[PROBLEM DESCRIPTION] Only text belongs in your copy of the listing below; reproduce it exactly and leave out the pictures.

[INFORMATION SUPPLIED]
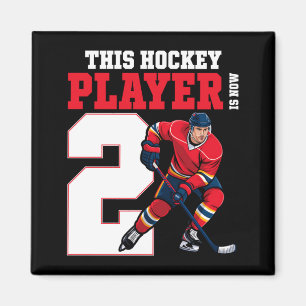 Kinder 2. Eis-Hockey-Geburtstag Zwei Jahre alter S Magnet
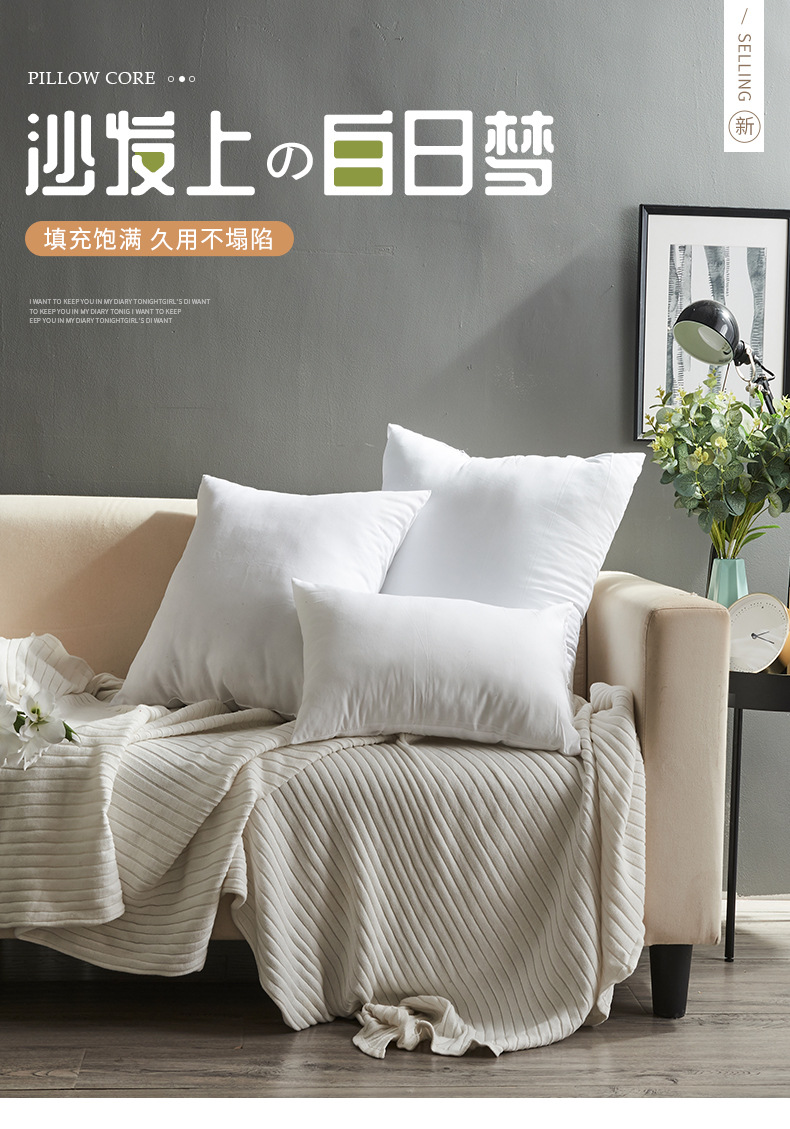 沙发靠枕靠垫抱枕PP棉内芯正方形无纺布磨毛布沙发枕芯厂家供应详情12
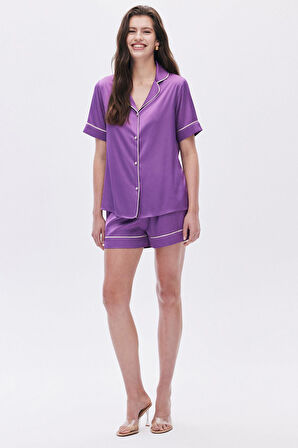 Colorex Eflatun Kısa Saten Pijama Takımı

[OUTPUT FOR THIS TASK]
 Kinder 2. Eis-Hockey-Geburtstag Zwei Jahre alter S Magnet
 沙发靠枕靠垫抱枕PP棉内芯正方形无纺布磨毛布沙发枕芯厂家供应详情12
 Colorex Eflatun Kısa Saten Pijama Takımı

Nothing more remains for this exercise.